É verdade que a primeira comunidade cristã não deu grande importância ao lugar onde se reunia. Neste aspeto, demarcava-se com nitidez da mentalidade pagã e mesmo judaica. Os cristãos possuíam a convicção de que “o Altíssimo não habita em casas feitas pela mão do homem” (At 7, 8) e que o verdadeiro templo onde Deus habita é o Senhor Ressuscitado (Jo 2, 19; Col 2, 9) e a comunidade de pedras vivas n’Ele edificada (Ef 2, 19-22; 1 Pd 2, 4-5). Onde quer que esteja, esta comunidade, unida a Cristo, pode orar em “espírito e verdade” (Jo 4, 24). Tal modo de conceber e de proceder sublinha a primazia da comunidade dos crentes sobre o edifício.
Sem embargo, é de registar que a IGMR, no seu primeiro parágrafo, começa por referir que «quando Cristo Senhor estava para celebrar com os discípulos a ceia pascal, na qual instituiu o sacrifício do seu Corpo e Sangue, mandou preparar uma grande sala mobilada (Lc 22, 12). A Igreja sempre entendeu que esta ordem lhe dizia respeito» (IGMR 1). Consequentemente, desde o princípio, os cristãos procuraram um lugar adequado para as suas reuniões e celebrações. Hoje sabe-se que, já antes da época constantiniana, em que foi assegurado à Igreja o direito à liberdade de culto, os cristãos começaram a construir edifícios de raiz para as suas assembleias celebrantes.
Efetivamente, não é a mesma coisa reunir-se num estádio, num ginásio, numa sala de aulas, num auditório ou numa garagem. Porque, para além de pressupostos de caráter funcional (reunião, abrigo, atividades previstas para o espaço, visibilidade, acústica…) há que atender ao ponto de vista simbólico que, necessariamente, se impõe quer a partir da natureza e identidade das assembleias congregadas – Povo santo e sacerdotal de Deus, Corpo de Cristo, Templo do Espírito Santo – quer a partir das ações que nesses lugares se realizam: a escuta da Palavra e a celebração dos “divinos mistérios”. As artes plásticas não só atendem à funcionalidade, mas sobretudo procuram configurar uma identidade.
Sobre os edifícios sagrados, a Instrução Geral do Missal Romano diz que, “na sua disposição geral, devem reproduzir de algum modo a imagem da assembleia congregada…” (IGMR 294); além disso, devem ser “dignos e belos, como sinais e símbolos das realidades celestes” (IGMR 288). Ou, como preconiza o Pontifical da Dedicação da Igreja e do Altar: o edifício de pedras “será sinal visível daquela Igreja viva ou casa de Deus, que eles próprios [os fiéis]constituem” (Cap. I, n. 1). Desse modo, as nossas igrejas deverão ser uma espécie de teologia em pedra, silenciosa mas permanente, sobre a Igreja. Eis porque construir uma igreja não é uma tarefa fácil, nem deve ser encarada levianamente.

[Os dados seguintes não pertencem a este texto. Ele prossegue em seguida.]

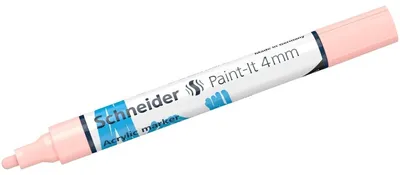 Immagine prodotto di Pennarello acrilico Schneider, Paint-It 310/320/330, colore:albicocca, larghezza linea:4 mm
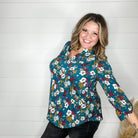 "Bennett" Floral Lizzy 3/4 Sleeve Split Neck-Lola Monroe Boutique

Não pode, obviamente, descurar-se a funcionalidade, mas até esta não pode deixar de ser simbólica tal como o próprio agir litúrgico da comunidade. Isto implica uma atenção particular ao espaço, à proximidade e visibilidade e pressupõe o conhecimento do ser e do agir da comunidade que «habita» cada Igreja. Recorda a IGMR que as igrejas «devem ser aptas para a conveniente realização da ação sagrada e para se conseguir a participação ativa dos fiéis» (IGMR 288). Deverá evidenciar a centralidade (espacial, pragmática e simbólica) dos três polos da Eucaristia (o altar, a cadeira e o ambão); promover a comunicação/diálogo entre presbitério e nave; possibilitar movimentos, nomeadamente processionais; permitir as diferentes atitudes corporais dos fiéis, previstas nos vários ritos; dispor o lugar dos diversos ministros e do Coro; prever os espaços para a reserva eucarística, a oração pessoal e celebrações de pequenos grupos; enquadrar a celebração dos distintos sacramentos e outras ações sagradas (batismo, reconciliação, matrimónio, exéquias, etc.), em suma, estar ao serviço de toda a vida de culto da comunidade cristã nas suas múltiplas expressões e, sobretudo, da sua manifestação principal e culminante: a Eucaristia.
Para ser verdadeiramente «habitável», a igreja há de, pois, aparecer como sinal para os crentes, pela sua força convocadora, como polo de referência da sua fé e pertença a uma comunidade, como lugar de crescimento espiritual e de missão apostólica. Mas para todos, mesmo não crentes, não deixará de ser, mediante a linguagem universal da arte, um refúgio de paz, um convite à transcendência, uma afirmação dos valores do espírito e um anúncio do Evangelho da esperança.